At 5:30pm following the hoteliers advise we climb at the peak of Nemrut Dagi. A few kilometers further from our accommodation place we met a kiosk which we paid 11 TL so enter the area of Nemrut Dagi. The route reaches at 2200 meters height at a parking space, from up there, 2 paths are starting leading you to the western or eastern balcony.
Lots of people were climbing to the top and most of them chosen the eastern side. We chosen the western side to avoid crowd but it seems its longer than the other one. The whole landscape it was amazing and the sun beams were giving us wonderful colors making our photo cameras work hard. Negative part of it is that is so crowed that the whole charm of the place is some kind lost.
The Nemrut Dagi peak is among the most famous landmarks of the country. The massive marvel heads lying there were made by the king Antiochus A, the God – as he was claiming – which ruled the kingdom of Commagene. The story goes that the king ordered to make 3 massive plateaus (eastern, western, north) at the mount peak. Colossal statues of the king and the most main gods (coming from Greek and Persian mythology) of the kingdom were constructed at the same spot making the peak as a worship place. The place was accidentally discovered by a German engineer Carl Zester. Since then excavations from Americans, German and Turkish archeologist were conducted. In 1987 UNESCO included the place to its heritage sites.

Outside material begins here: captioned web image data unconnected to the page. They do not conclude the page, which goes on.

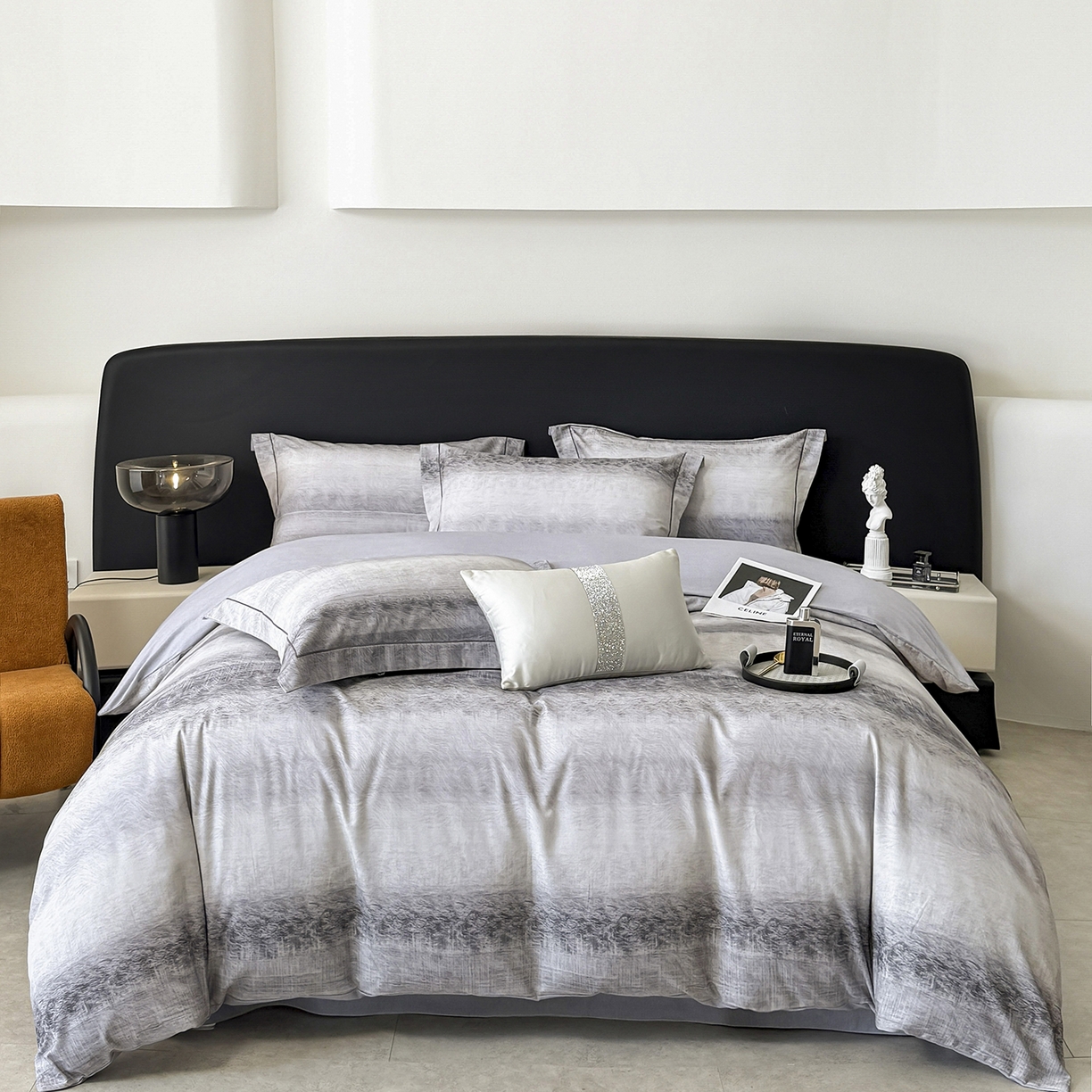 清雅福2025新款A类全棉磨毛数码印花四件套 苏菲庄园·灰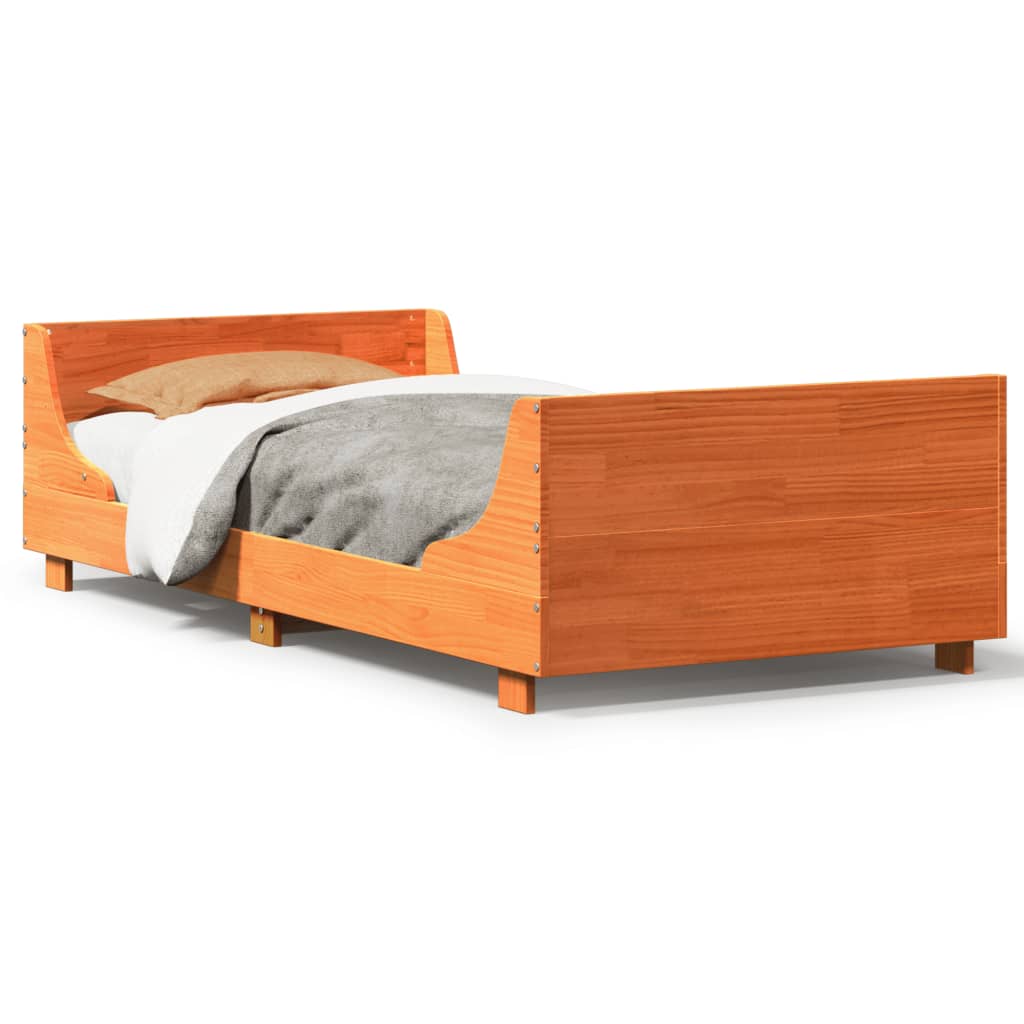 Łóżko Drewniane Rama Łóżka Sofa Brązowe Do Sypialni Pokoju 100x200 cm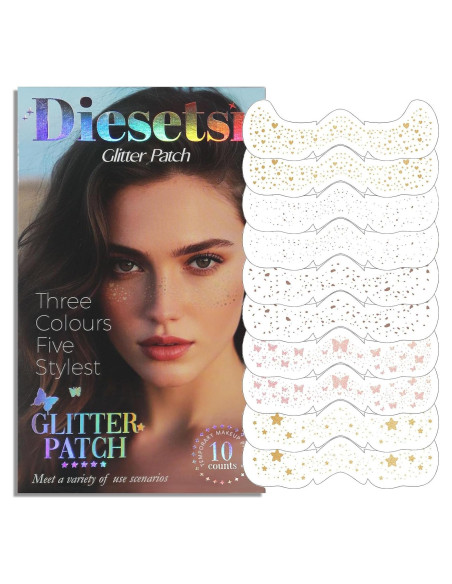 Tatuajes Temporales de Pecas Brillantes Diesetsr - 10 Piezas Tatuajes Temporales de Pecas Brillantes Diesetsr - 10 Piezas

In the western and eastern plateau there are large statues of Antiochus among statues of the Persian Zeus (Ahura Mazda), Apollo (Mithras), Hercules and goddess Fortuna, the same in Greek mythology of goddess of Luck. These statues have Greek style of art and their clothes are of Persian/Armenian style. Next to the 5 statues are 2 other statues as guards and are illustrated as an eagle and lion. On the back side of the statues are small inscriptions in Greek with accurate instructions how to worship the king when alive and after his death. In the north plateau there are some columns which are not scarped and its believed that were meant for the ancestors of Antiochus A.
As the sun was hiding behind the mountains we started to descent from the place and towards our hotel where dinner was waiting us. Soon we are all on the table with the Japanese next to us. Food was including soup, green beans and chicken, delicious and filling. Relaxed after our meal we started chatting with the Japanese asking us about our journey to Georgia and Armenia which found them very exited about it. Poor German guy, he has long way to go with them and definitely he will suffer... Later on we asked them to write us in Japanese our clubs: Moto Riders club & Moto Adventures. Seemed to suffer a bit because there is not a direct translate as their letter/symbol means a word.
Later in the evening we are back in our rooms, tomorrows day is expected to be a hard one with lots of distance to cover until Cappadocia.